# Debugging inference 

Using latest version of coffea

In [1]:
from collections import defaultdict
import pickle as pkl
import pyarrow as pa
import awkward as ak
import numpy as np
import pandas as pd
import json
import os
import shutil
import pathlib
from typing import List, Optional, Dict
import pyarrow.parquet as pq

import importlib.resources

from coffea import processor
from coffea.nanoevents.methods import candidate, vector
from coffea.analysis_tools import Weights, PackedSelection

from coffea.nanoevents.methods.base import NanoEventsArray
from coffea.nanoevents import NanoEventsFactory, NanoAODSchema, PFNanoAODSchema
from coffea.nanoevents.methods import candidate, vector
import matplotlib.pyplot as plt
import numpy as np
import json

import warnings
warnings.filterwarnings("ignore", message="Found duplicate branch ")
warnings.filterwarnings("ignore", category=DeprecationWarning)
warnings.filterwarnings("ignore", message="Missing cross-reference index ")
np.seterr(invalid='ignore')

  numba.core.entrypoints.init_all()


{'divide': 'warn', 'over': 'warn', 'under': 'ignore', 'invalid': 'warn'}

## NanoAODschema

We want to use PFNanoAODSchema since that load PFCands as a candidate particles, i.e. they have 4-vector properties.

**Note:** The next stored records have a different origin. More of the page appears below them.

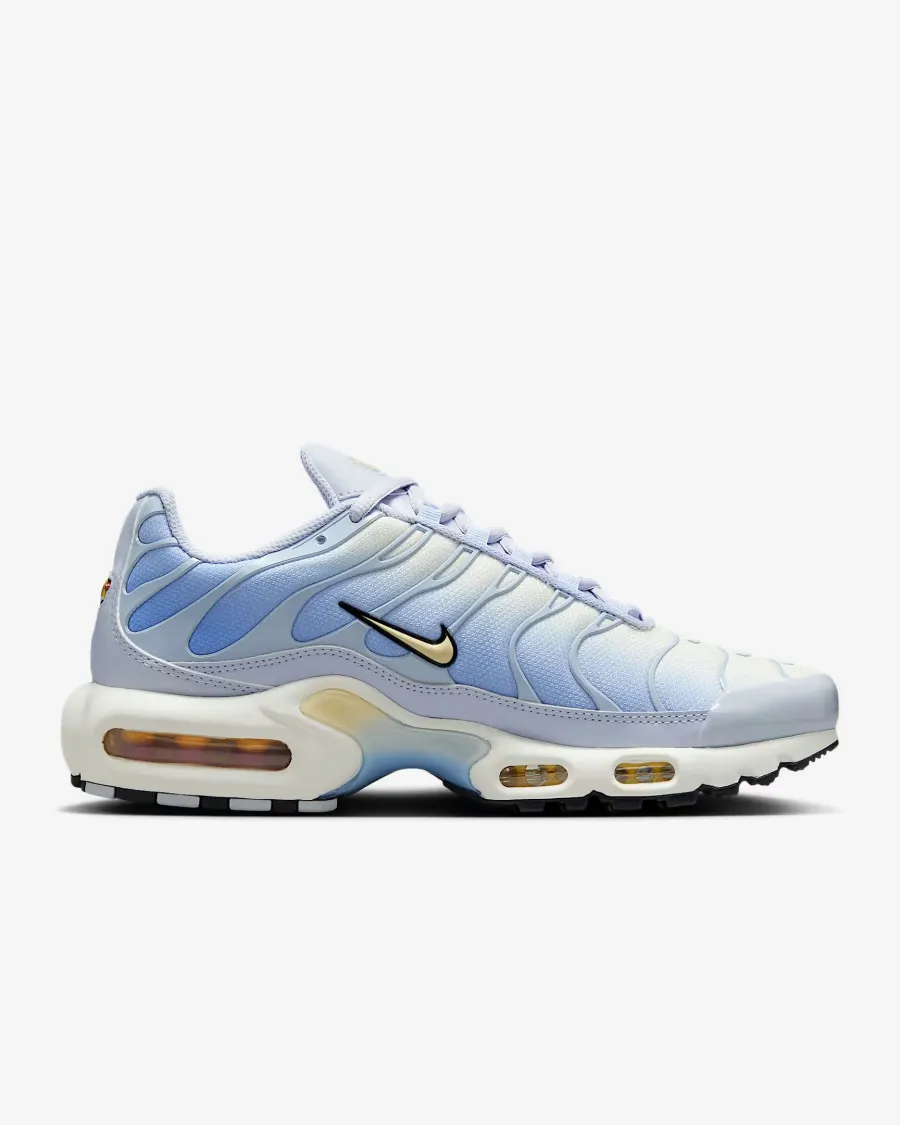 Кросівки Nike Air Max Plus Daybreak DZ3670-004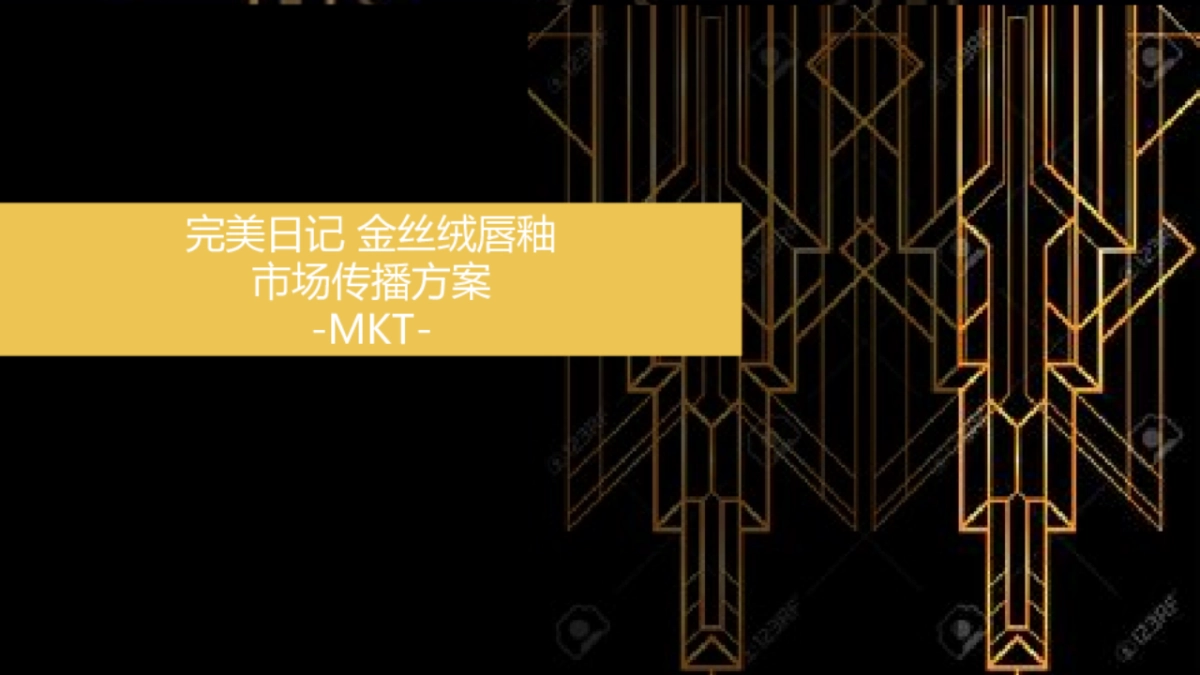 金丝绒唇釉市场传播方案-MKT_第1页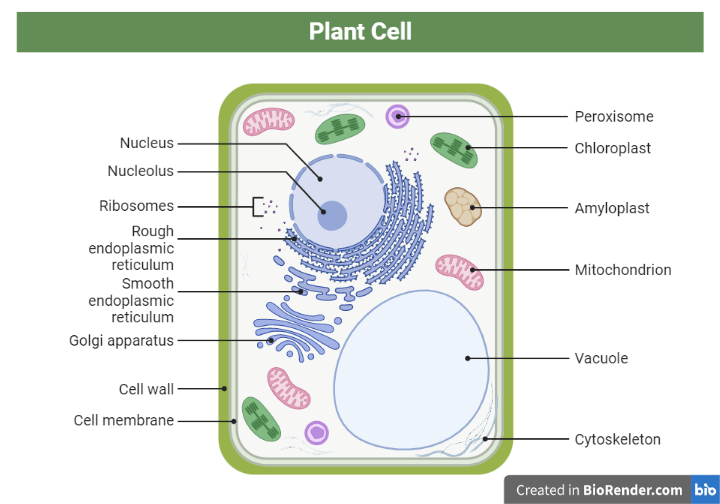 Structural Overview of a Plant Cell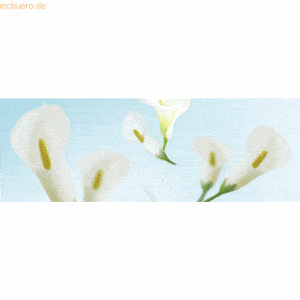 5 x Ludwig Bähr Transparentpapier 115g/qm A4 VE=5 Blatt Flora Calla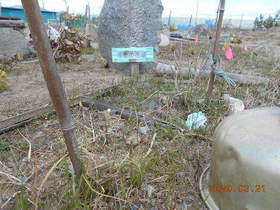 陸前高田ひろば20200321011.jpg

https://coffeateam.github.io/coffea/api/coffea.nanoevents.PFNanoAODSchema.html
https://github.com/CoffeaTeam/coffea/blob/7dd4f863837a6319579f078c9e445c61d9106943/coffea/nanoevents/schemas/nanoaod.py#L282

Additionally, PFNanoAODSchema loads SecondaryVertices as SecondaryVertex:
https://github.com/CoffeaTeam/coffea/blob/7dd4f863837a6319579f078c9e445c61d9106943/coffea/nanoevents/schemas/nanoaod.py#L68
https://github.com/CoffeaTeam/coffea/blob/f2a99631dcf95b46bd0225b242b3ba512a30a89a/coffea/nanoevents/methods/nanoaod.py#L388

We do not neccessarily want this since this means we don't have a candidate 4-vector for the SecondaryVertex and we can't do operations like `delta_phi`. 
We need to modify this to a `mixin` of PFCand.

In [2]:
print(PFNanoAODSchema.mixins['PFCands'])
print(PFNanoAODSchema.mixins['SV'])

# interpret SV with PFCand behavior
PFNanoAODSchema.mixins["SV"] = "PFCand"

print(PFNanoAODSchema.mixins['SV'])

PFCand
SecondaryVertex
PFCand


## Opening file w PFNanoAODSchema

Here we manually open the file (only 200 entries), and we use `PFNanoAODSchema`.
We also open the json file that specifies how many pf candidates/svs are going to be used in the tagger, as well as any normalization that should be applied

In [3]:
file = 'dy_sample.root'
events = NanoEventsFactory.from_root(file, schemaclass=PFNanoAODSchema, entry_stop=200).events()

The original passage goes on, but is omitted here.